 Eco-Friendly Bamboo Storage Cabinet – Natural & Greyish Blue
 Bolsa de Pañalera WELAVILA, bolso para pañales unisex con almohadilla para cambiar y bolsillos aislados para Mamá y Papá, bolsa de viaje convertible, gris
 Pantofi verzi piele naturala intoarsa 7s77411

--

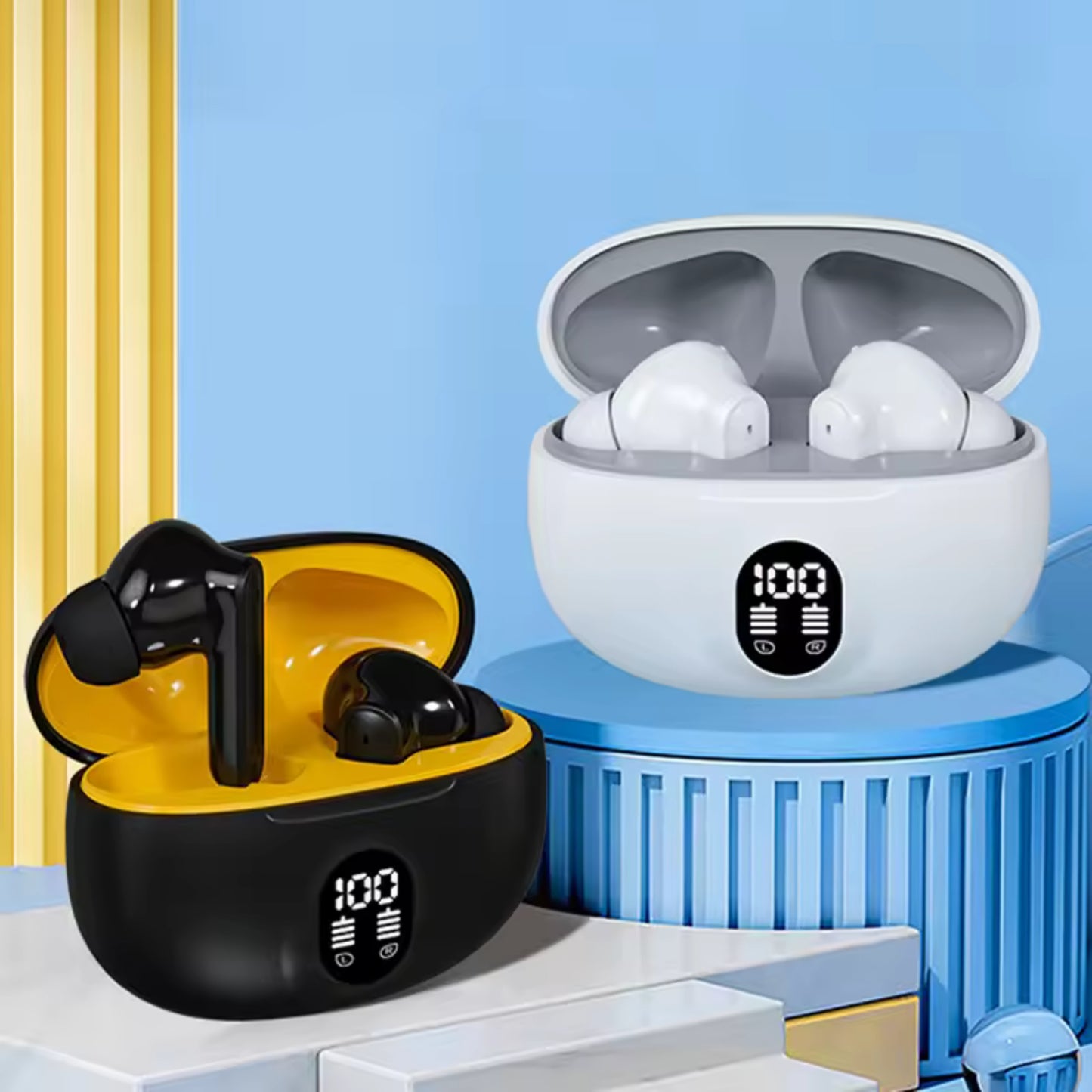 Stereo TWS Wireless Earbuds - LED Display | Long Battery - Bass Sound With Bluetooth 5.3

REQUIRED ACTION
Using the material above, transcribe exactly the lines from the line with "Eco-Friendly Bamboo Storage" to the line with "Pantofi verzi piele"; both count, and nothing else goes in.

THE COMPLETED TASK
 Eco-Friendly Bamboo Storage Cabinet – Natural & Greyish Blue
 Bolsa de Pañalera WELAVILA, bolso para pañales unisex con almohadilla para cambiar y bolsillos aislados para Mamá y Papá, bolsa de viaje convertible, gris
 Pantofi verzi piele naturala intoarsa 7s77411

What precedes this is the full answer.